Hi Greg,
While playing around with my slot symlink stuff, I noticed that
the following sequence is problematic:
1. clean boot
2. modprobe acpiphp
3. echo 0 > /sys/bus/pci/slots/N/power
4. ???
After step 3, we *should* be seeing pci_release_dev() getting
called, but we never do because the refcount on the device is
still quite high (5 or 6, on my ia64 system).
I'm still trying to track this down, but I did notice, via code
inspection, at least one suspicious area:
#define for_each_pci_dev(d) while ((d = pci_get_device(PCI_ANY_ID, PCI_ANY_ID, d)) != NULL)
That eventually calls pci_get_dev_by_id(), which increases the
refcount on the device, but never decrements it.
Looks like that change in behavior happened here:
PCI: clean up search.c a lot
95247b57ed844511a212265b45cf9a919753aea1
pci_get_device() used to decrement the refcount, but no longer
does.
Thanks to Matthew Wilcox for helping me get this far...
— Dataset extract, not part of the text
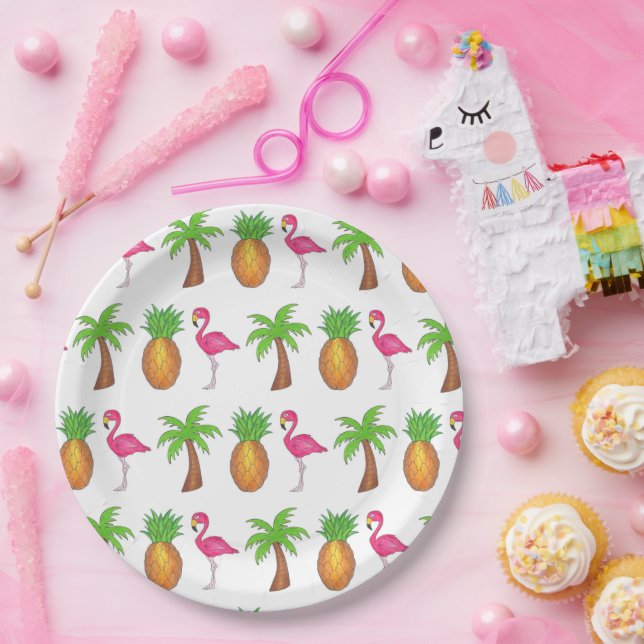 Tropical Island Palm Tree Pineapple Pink Flamingo Paper Plate (Party)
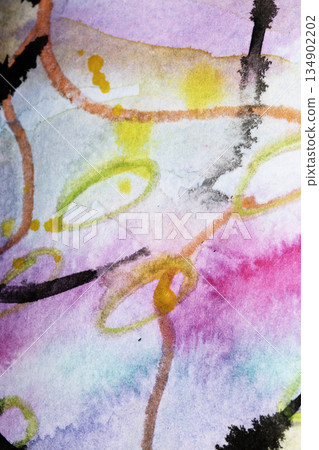 Abstract fllowing paint and pencil scribble lines splashes vibrant art background 134902202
Like I said, I'm still trying to track down my particular issue,
but I'd like to get your opinion on this.
Thanks!
/ac
On Thu, Aug 21, 2008 at 02:19:18PM -0600, Alex Chiang wrote:
> #define for_each_pci_dev(d) while ((d = pci_get_device(PCI_ANY_ID, PCI_ANY_ID, d)) != NULL)
>
> That eventually calls pci_get_dev_by_id(), which increases the
> refcount on the device, but never decrements it.
>
> Looks like that change in behavior happened here:
>
> PCI: clean up search.c a lot
> 95247b57ed844511a212265b45cf9a919753aea1
>
> pci_get_device() used to decrement the refcount, but no longer
> does.
>
> Thanks to Matthew Wilcox for helping me get this far...
>
> Like I said, I'm still trying to track down my particular issue,
> but I'd like to get your opinion on this.
In particular, I'd like to know whether this should be fixed by
pci_get_dev_by_id() decrementing the refcount of from/dev_start,
pci_get_subsys() decrementing 'from', or by bus_find_device()
decrementing 'start'. It looks like bus_find_device() is the place
where this should logically happen, but the kerneldoc doesn't document
the intended behaviour.
--
Matthew Wilcox Intel Open Source Technology Centre
"Bill, look, we understand that you're interested in selling us this
operating system, but compare it to ours. We can't possibly take such
a retrograde step."
On Thu, Aug 21, 2008 at 02:19:18PM -0600, Alex Chiang wrote:
> Hi Greg,
>
> While playing around with my slot symlink stuff, I noticed that
> the following sequence is problematic:
>
> 1. clean boot
> 2. modprobe acpiphp
> 3. echo 0 > /sys/bus/pci/slots/N/power
> 4. ???
>
> After step 3, we *should* be seeing pci_release_dev() getting
> called, but we never do because the refcount on the device is
> still quite high (5 or 6, on my ia64 system).
>
> I'm still trying to track this down, but I did notice, via code
> inspection, at least one suspicious area:
>
> #define for_each_pci_dev(d) while ((d = pci_get_device(PCI_ANY_ID, PCI_ANY_ID, d)) != NULL)
>
> That eventually calls pci_get_dev_by_id(), which increases the
> refcount on the device, but never decrements it.
>
> Looks like that change in behavior happened here:
>
> PCI: clean up search.c a lot
> 95247b57ed844511a212265b45cf9a919753aea1
>
> pci_get_device() used to decrement the refcount, but no longer
> does.
No, pci_get_device() never decremented the refcount, and that didn't
change in the above git commit.
The description of pci_get_device() says that a reference is grabbed:
Iterates through the list of known PCI devices. If a PCI device
is found with a matching @vendor and @device, the reference
count to the device is incremented and a pointer to its device
structure is returned. Otherwise, %NULL is returned. A new
search is initiated by passing %NULL as the @from argument.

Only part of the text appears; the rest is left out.